# [What you need to do]
Would you repeat the whole listing exactly, pictures excluded?

•••••

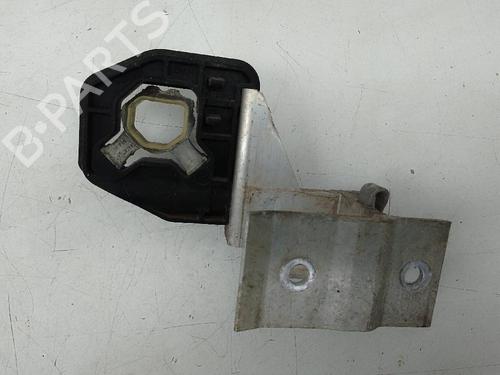 Used Support BMW 3 Touring (F31) 316 d (116 hp) 20230744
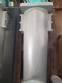 Nemo Netzsch helical positive pumps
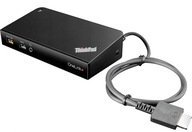 Stacja Lenovo ThinkPad OneLink+ DU9047S1 USB 3.0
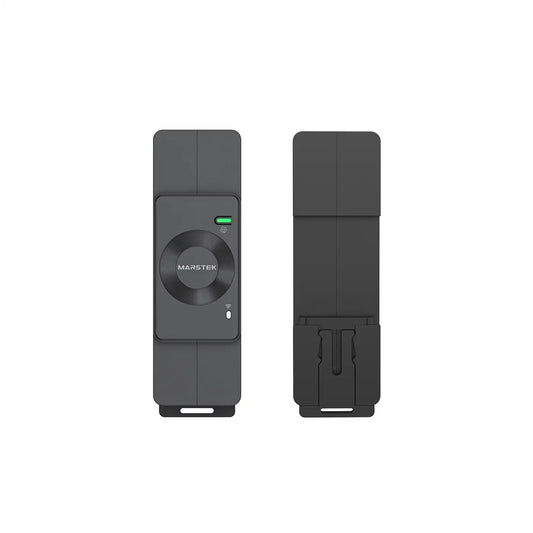 Marstek Smart Meter CT002 für D2500 / Jupiter / Venus
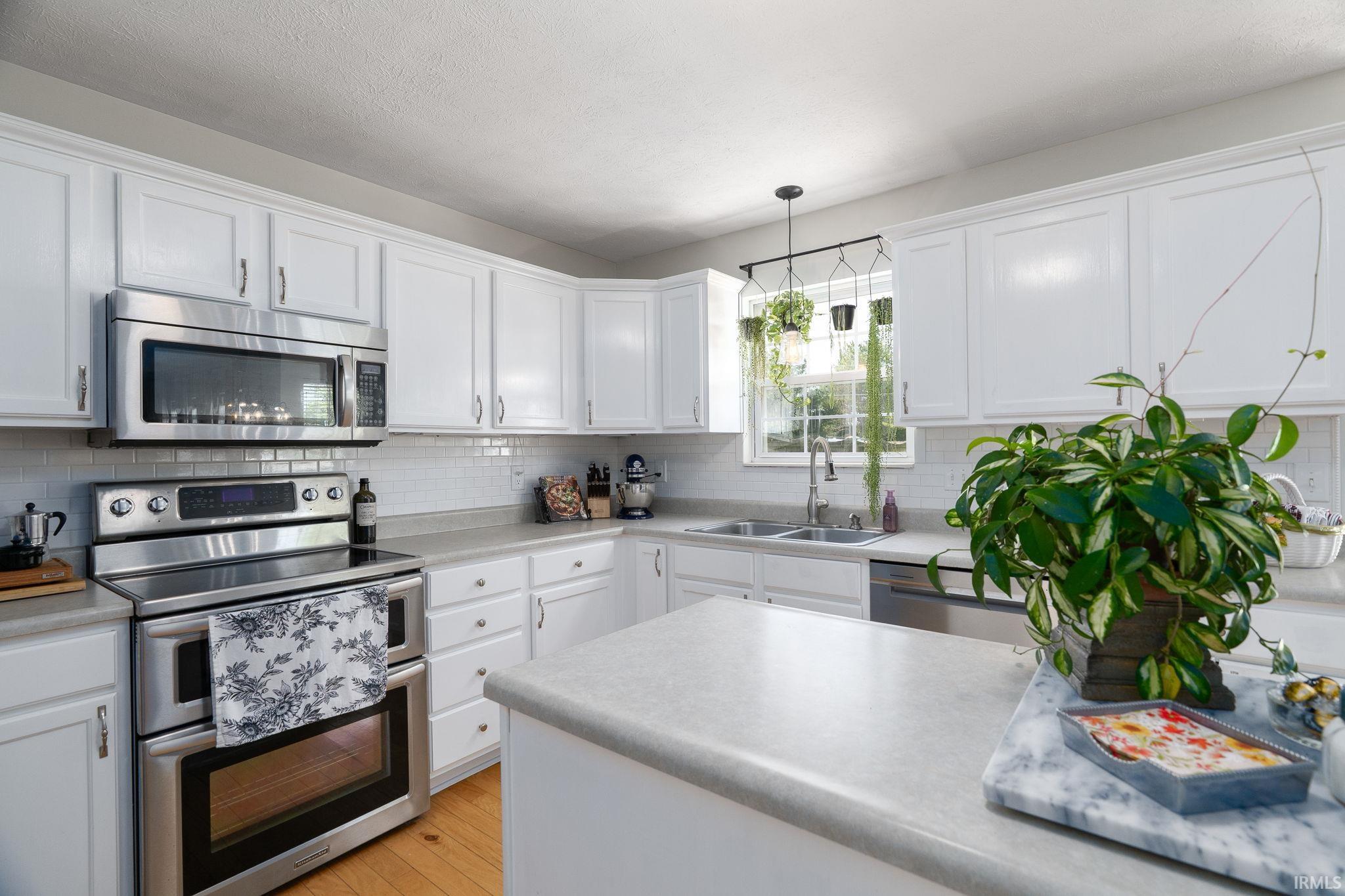 14 Kingfisher Circle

•••••

# [Expected answer]
 Used Support BMW 3 Touring (F31) 316 d (116 hp) 20230744
 Nemo Netzsch helical positive pumps
 Stacja Lenovo ThinkPad OneLink+ DU9047S1 USB 3.0
 Marstek Smart Meter CT002 für D2500 / Jupiter / Venus
 14 Kingfisher Circle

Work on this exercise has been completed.